[[ Raw data, beginning ]]

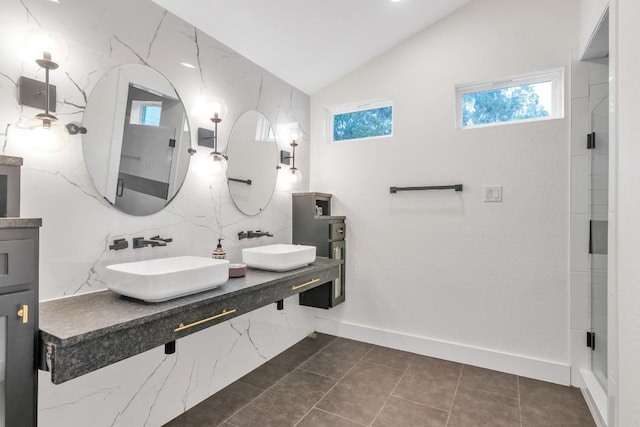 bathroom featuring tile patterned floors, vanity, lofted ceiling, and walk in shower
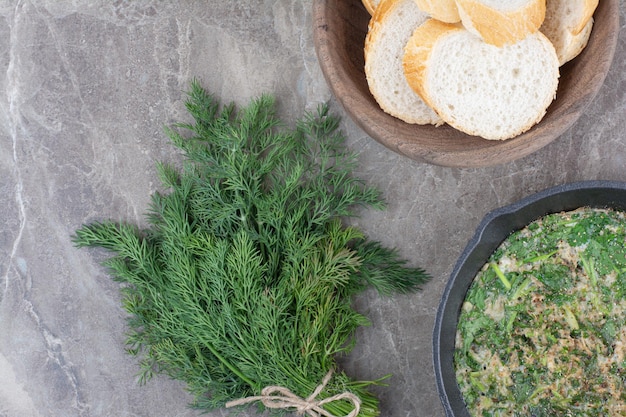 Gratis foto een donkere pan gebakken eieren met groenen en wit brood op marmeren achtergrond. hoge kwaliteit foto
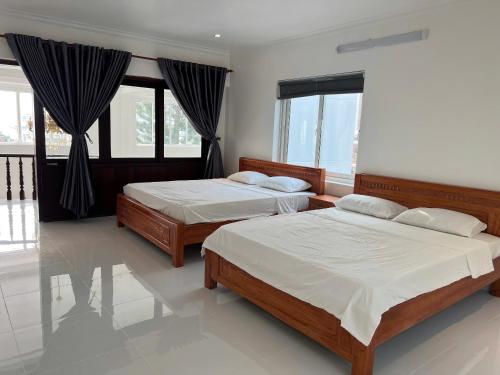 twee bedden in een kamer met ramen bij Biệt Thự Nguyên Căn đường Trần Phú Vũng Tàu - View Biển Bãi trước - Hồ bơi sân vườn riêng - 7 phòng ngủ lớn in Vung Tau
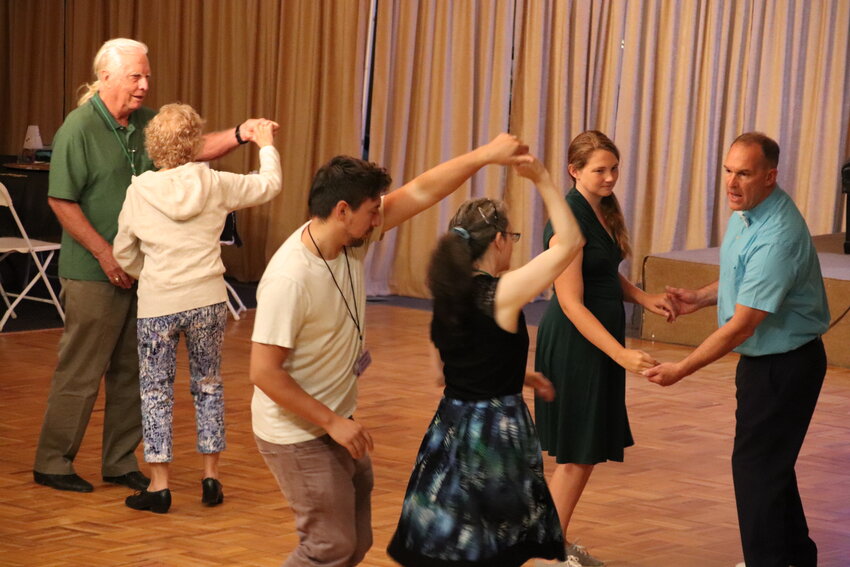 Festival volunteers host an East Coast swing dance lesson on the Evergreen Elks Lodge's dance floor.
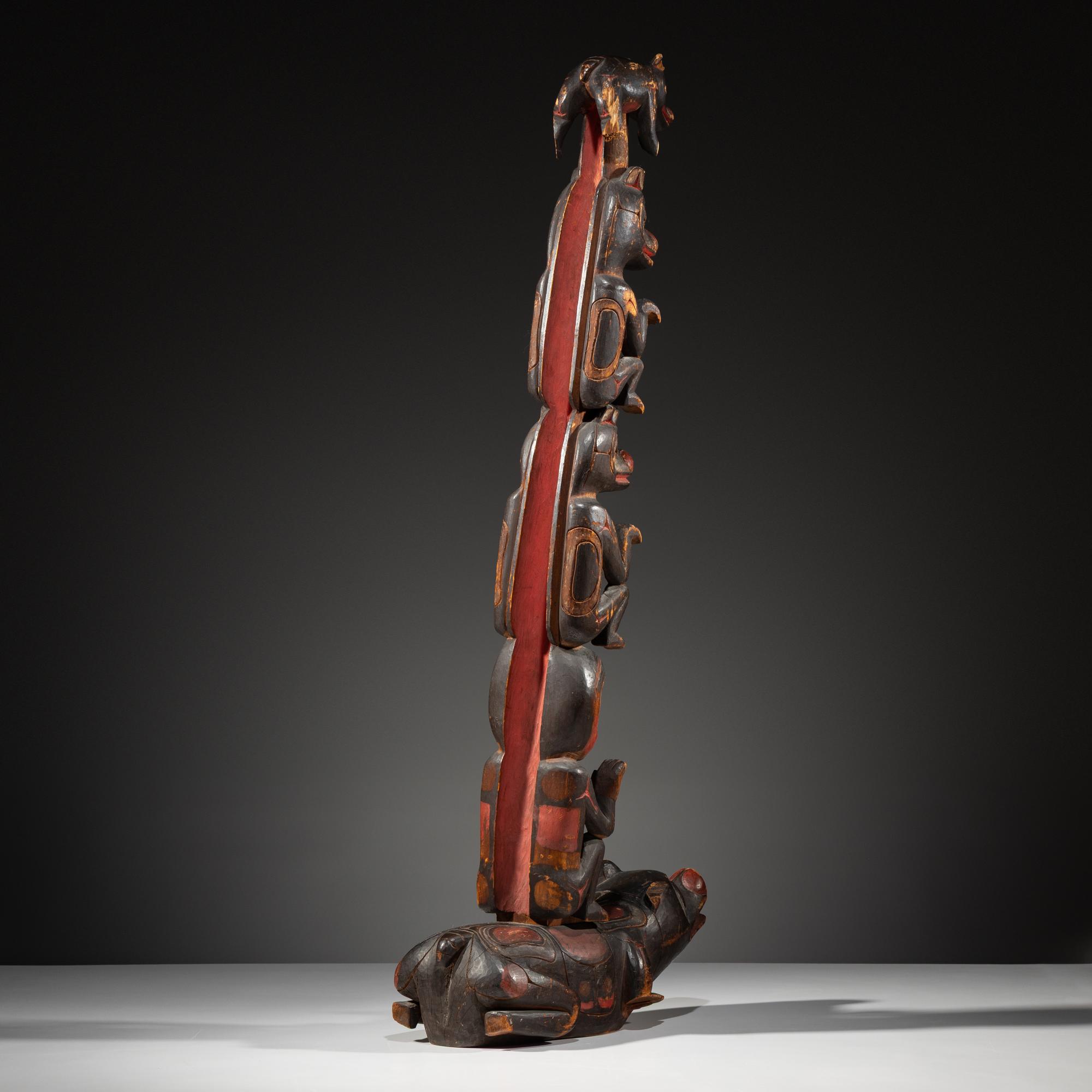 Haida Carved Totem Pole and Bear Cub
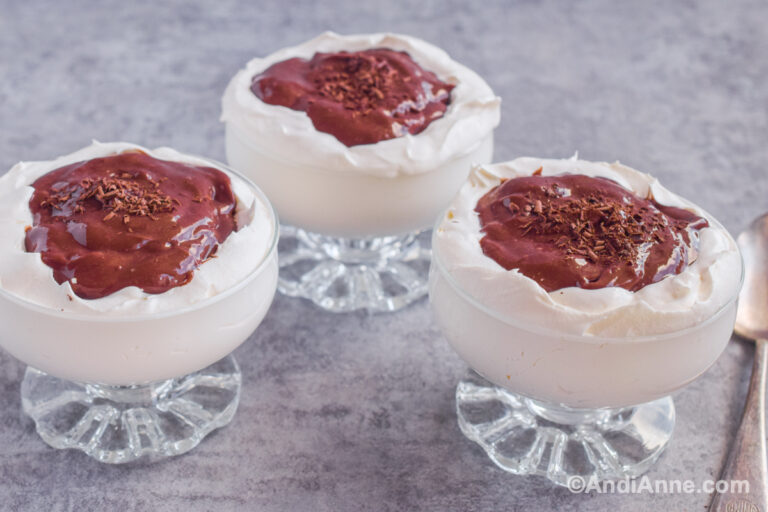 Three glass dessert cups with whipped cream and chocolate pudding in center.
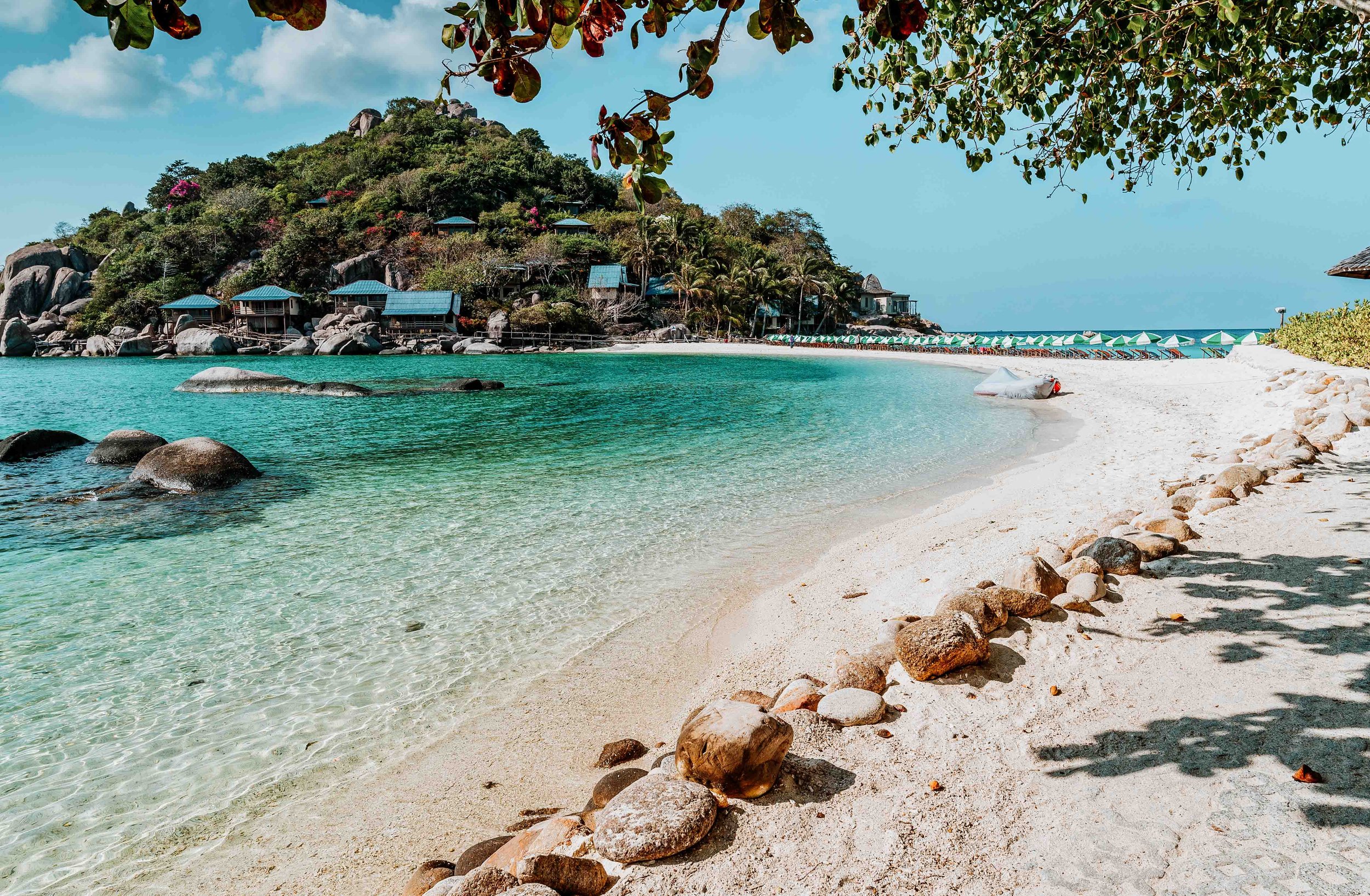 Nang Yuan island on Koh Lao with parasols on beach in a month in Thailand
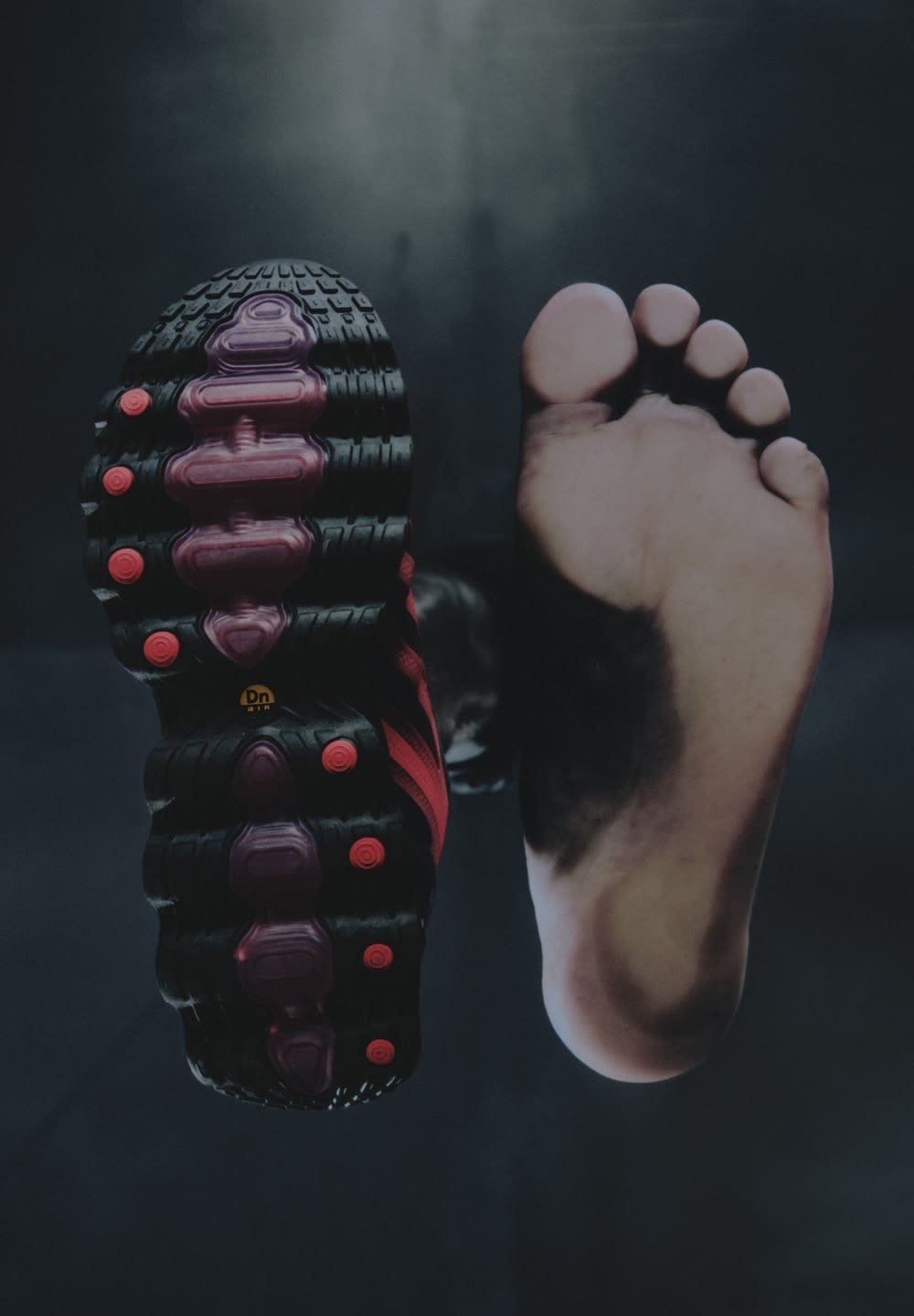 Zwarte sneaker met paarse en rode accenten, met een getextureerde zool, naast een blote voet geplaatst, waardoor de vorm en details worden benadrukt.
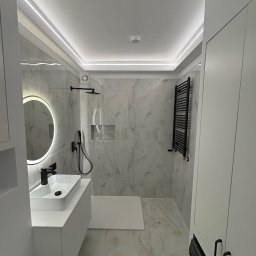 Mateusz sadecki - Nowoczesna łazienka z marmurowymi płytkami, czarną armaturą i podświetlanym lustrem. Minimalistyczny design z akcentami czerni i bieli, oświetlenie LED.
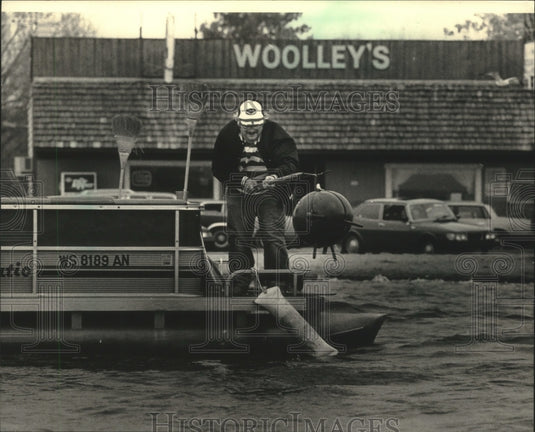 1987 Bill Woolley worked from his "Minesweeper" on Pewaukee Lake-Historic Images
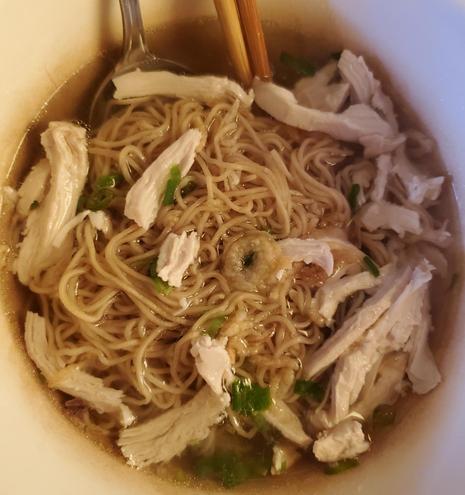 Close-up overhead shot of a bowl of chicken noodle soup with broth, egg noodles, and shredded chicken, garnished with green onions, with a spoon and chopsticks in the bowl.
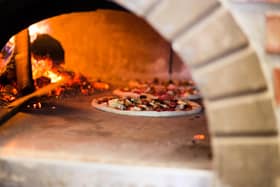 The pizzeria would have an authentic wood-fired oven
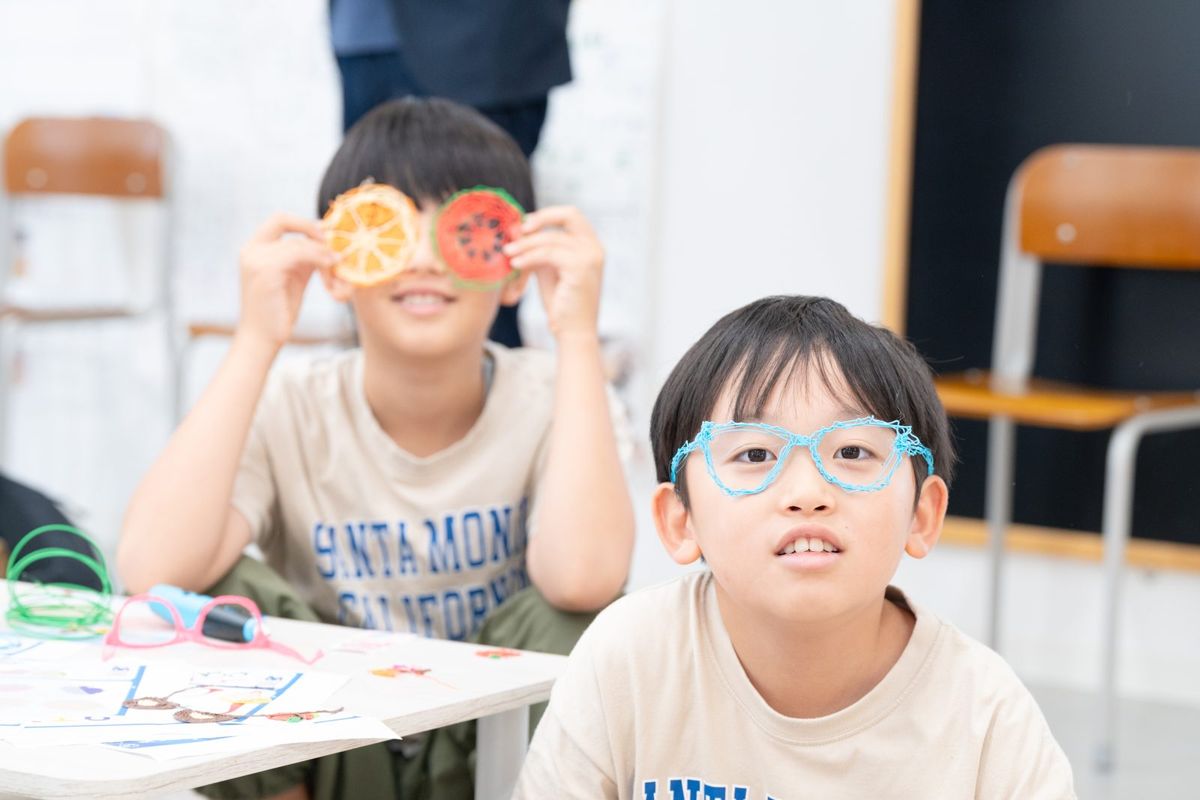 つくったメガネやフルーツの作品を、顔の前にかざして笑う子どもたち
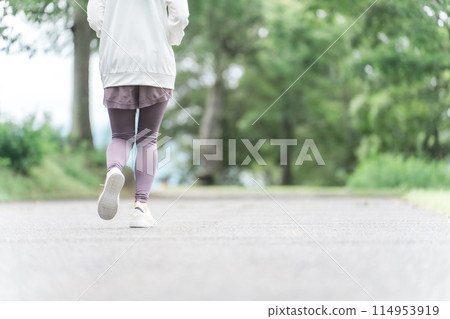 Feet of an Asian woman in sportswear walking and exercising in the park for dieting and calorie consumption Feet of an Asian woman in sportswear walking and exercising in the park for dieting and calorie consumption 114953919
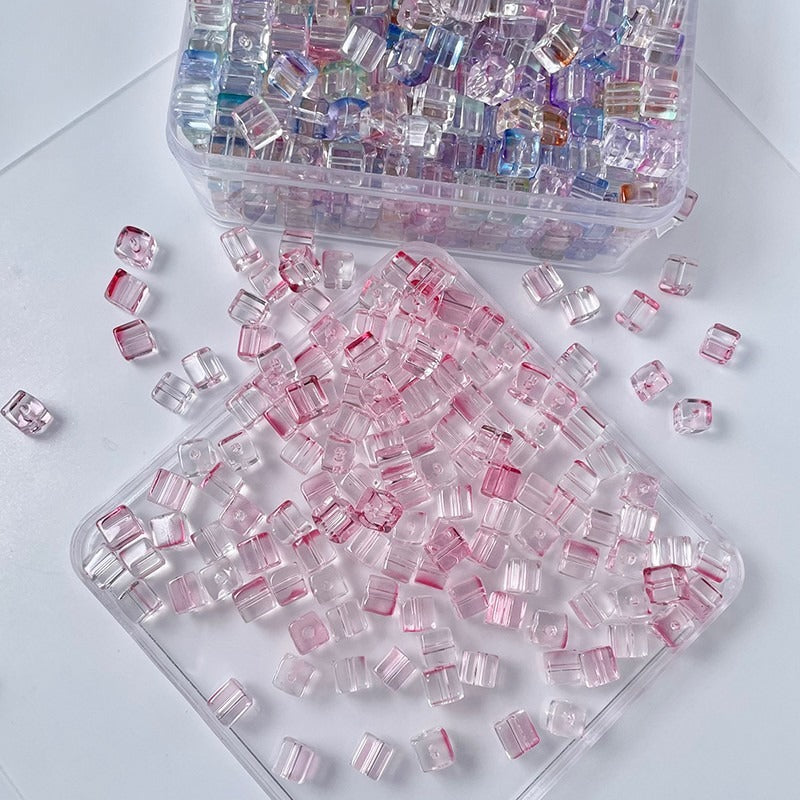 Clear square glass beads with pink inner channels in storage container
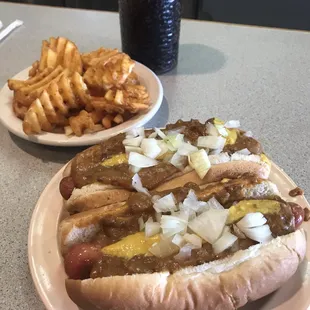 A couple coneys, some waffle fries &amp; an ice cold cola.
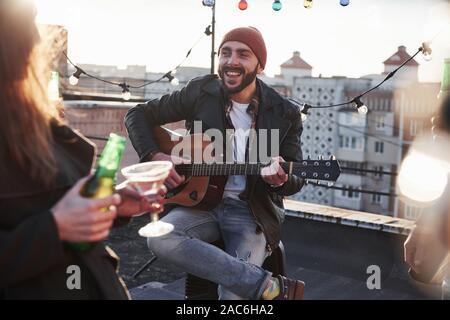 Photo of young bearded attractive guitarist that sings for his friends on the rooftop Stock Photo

[[ Raw data, end ]]

Task statement: What should come back is an exact copy of the lines above from the line with "Mateusz sadecki - Nowoczesna" to the line with "1987 Bill Woolley", both included, minus the pictures.

Solution to this exercise:
 Mateusz sadecki - Nowoczesna łazienka z marmurowymi płytkami, czarną armaturą i podświetlanym lustrem. Minimalistyczny design z akcentami czerni i bieli, oświetlenie LED.
 1987 Bill Woolley worked from his "Minesweeper" on Pewaukee Lake-Historic Images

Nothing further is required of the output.